Stay the Course, SPY Attractive for Bottom Fishing
Blue chip indexes continue to make new highs, confirmed by market breadth. Day-to-day volatility remains low. Our intermediate-term U.S. equity models remain on hold, so you should maintain equity exposure, asserts Marvin Appel, MD, PhD, of Signalert Asset Management.
State of the market: For those of you who follow the Dow Theory, we just received a bullish confirmation this week: The Dow Jones Transportation Index (DJT) and the Dow Jones Industrial Index (DJI) both made new all-time highs. (See chart below.)
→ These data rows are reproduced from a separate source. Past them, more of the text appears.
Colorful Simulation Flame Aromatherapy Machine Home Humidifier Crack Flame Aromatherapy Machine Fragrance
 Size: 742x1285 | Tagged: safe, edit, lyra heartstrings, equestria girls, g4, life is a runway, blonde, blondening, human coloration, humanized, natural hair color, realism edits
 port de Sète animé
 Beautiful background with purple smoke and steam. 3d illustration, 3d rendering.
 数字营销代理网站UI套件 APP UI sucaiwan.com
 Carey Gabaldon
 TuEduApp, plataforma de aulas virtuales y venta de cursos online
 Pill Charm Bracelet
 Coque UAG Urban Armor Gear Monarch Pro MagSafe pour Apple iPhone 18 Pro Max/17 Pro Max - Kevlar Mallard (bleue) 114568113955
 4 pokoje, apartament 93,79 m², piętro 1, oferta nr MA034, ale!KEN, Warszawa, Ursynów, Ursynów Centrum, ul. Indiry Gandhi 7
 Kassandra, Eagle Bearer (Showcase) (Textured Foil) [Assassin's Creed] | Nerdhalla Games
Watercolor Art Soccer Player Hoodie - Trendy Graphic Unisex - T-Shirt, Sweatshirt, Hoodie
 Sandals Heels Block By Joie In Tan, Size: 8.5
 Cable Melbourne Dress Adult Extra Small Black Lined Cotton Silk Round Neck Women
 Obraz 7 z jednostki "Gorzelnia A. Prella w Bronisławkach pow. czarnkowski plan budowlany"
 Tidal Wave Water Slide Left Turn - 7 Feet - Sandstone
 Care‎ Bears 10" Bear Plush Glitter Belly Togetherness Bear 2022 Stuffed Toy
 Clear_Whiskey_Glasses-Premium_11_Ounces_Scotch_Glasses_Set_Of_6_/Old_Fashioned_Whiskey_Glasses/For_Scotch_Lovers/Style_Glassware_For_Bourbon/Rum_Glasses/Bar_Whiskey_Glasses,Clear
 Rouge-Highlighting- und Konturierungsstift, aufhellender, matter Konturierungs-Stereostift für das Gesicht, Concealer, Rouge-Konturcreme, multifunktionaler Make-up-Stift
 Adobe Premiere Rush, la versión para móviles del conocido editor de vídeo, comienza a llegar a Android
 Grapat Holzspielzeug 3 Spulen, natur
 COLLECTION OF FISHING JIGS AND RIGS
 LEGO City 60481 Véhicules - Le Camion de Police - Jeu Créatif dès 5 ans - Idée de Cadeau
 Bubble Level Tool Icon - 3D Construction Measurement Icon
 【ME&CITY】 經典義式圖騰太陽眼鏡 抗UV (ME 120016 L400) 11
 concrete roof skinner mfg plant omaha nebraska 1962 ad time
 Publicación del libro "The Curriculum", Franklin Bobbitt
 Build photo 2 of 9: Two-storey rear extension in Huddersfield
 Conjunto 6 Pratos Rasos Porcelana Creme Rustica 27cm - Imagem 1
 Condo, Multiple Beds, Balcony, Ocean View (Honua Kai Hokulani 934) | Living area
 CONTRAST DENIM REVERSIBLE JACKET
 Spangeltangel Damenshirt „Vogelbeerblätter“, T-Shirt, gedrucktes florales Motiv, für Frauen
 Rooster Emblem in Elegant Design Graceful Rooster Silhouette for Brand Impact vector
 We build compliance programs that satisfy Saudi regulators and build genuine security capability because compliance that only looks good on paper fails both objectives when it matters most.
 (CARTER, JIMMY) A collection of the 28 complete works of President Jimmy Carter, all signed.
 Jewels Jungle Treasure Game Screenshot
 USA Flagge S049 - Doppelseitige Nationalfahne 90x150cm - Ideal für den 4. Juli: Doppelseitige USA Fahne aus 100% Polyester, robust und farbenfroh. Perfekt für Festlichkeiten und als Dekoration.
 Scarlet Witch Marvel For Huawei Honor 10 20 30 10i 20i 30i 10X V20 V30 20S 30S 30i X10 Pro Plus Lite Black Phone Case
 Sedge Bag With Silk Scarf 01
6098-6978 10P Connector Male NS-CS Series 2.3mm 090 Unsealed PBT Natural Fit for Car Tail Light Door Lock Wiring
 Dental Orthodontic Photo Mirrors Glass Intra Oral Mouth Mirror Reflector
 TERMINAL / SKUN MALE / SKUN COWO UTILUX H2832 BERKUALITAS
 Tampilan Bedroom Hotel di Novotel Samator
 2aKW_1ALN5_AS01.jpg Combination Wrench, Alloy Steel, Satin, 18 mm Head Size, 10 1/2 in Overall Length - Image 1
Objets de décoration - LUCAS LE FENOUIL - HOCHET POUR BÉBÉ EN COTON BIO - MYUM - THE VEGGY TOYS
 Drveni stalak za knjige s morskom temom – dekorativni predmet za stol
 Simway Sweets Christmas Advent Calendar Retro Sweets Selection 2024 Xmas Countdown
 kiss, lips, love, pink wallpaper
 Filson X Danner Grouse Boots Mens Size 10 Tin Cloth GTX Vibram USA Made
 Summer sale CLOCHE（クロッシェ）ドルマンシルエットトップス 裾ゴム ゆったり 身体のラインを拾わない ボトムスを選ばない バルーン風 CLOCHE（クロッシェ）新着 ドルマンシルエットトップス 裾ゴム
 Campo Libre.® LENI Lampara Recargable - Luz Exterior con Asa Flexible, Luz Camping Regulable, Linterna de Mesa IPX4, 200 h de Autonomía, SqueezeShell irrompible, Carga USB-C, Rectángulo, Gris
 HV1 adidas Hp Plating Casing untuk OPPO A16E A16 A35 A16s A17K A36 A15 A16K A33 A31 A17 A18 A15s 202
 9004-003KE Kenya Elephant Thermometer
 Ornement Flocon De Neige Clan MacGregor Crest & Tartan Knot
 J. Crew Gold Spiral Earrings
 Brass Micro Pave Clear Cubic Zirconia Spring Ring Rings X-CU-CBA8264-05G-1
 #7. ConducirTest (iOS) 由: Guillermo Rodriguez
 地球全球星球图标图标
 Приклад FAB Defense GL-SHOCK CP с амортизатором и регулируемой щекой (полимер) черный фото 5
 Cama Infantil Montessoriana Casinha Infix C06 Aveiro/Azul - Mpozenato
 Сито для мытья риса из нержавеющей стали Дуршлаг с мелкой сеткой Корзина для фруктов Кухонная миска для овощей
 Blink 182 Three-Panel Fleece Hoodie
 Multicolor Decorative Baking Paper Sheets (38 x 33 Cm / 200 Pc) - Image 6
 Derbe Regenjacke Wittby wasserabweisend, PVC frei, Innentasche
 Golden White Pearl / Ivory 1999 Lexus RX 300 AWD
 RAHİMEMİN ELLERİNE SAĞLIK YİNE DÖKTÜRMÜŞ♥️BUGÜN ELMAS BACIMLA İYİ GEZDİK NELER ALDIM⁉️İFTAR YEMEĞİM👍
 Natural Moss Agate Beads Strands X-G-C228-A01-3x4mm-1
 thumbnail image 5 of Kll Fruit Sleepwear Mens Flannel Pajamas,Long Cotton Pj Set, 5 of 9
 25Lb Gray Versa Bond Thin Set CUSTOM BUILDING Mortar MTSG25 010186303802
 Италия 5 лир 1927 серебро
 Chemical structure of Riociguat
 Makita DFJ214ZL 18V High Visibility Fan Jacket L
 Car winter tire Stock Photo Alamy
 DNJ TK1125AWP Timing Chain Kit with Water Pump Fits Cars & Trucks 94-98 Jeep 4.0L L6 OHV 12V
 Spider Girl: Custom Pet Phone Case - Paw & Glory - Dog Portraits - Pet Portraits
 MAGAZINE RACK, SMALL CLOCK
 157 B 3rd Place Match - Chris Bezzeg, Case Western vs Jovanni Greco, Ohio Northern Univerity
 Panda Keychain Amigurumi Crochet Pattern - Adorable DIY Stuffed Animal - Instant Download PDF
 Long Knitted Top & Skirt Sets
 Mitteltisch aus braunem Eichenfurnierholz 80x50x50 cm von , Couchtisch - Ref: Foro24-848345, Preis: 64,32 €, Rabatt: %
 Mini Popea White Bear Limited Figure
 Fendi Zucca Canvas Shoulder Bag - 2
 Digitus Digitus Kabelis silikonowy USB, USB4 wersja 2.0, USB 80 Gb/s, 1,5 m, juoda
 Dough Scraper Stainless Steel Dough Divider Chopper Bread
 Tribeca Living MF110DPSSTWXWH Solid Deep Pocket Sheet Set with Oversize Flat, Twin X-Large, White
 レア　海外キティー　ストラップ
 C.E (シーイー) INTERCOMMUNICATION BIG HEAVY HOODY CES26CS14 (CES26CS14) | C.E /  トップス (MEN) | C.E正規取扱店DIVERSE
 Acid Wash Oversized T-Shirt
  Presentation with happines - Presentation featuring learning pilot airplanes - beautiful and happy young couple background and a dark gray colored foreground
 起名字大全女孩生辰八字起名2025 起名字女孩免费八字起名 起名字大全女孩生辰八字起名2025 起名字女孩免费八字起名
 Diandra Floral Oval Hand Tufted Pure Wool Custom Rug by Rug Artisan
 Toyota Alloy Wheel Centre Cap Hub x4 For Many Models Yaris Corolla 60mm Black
The theory operates on the notion that if the economy is going well, both industrial and transportation companies should be thriving at the same time, as evidenced by coincident bullish behavior in both indexes.
Back in July-August, the transportation index declined 7% (green line in chart below), which I view as a threshold for a significant pullback.
This week’s new high erases the potential bearish significance of that decline and instead confirms the prevailing uptrend in transportation stocks. (In order for a new downtrend to come into effect, we would have to see two legs down, each of at least 7%, producing a falling double top and two successive lower lows.)
Industrial stocks are near-term overbought with the Dow Industrials, tracked by SPDR Dow Jones Industrial Average ETF (DIA) at its upper Bollinger band.
That suggests the near-term potential for the market to slow down, but is not a reason to raise cash.
I recommend staying the course, and adding to positions on market pullbacks. 250-251 is a support area for the S&P 500 SPDR (SPY) that would be attractive for bottom fishing.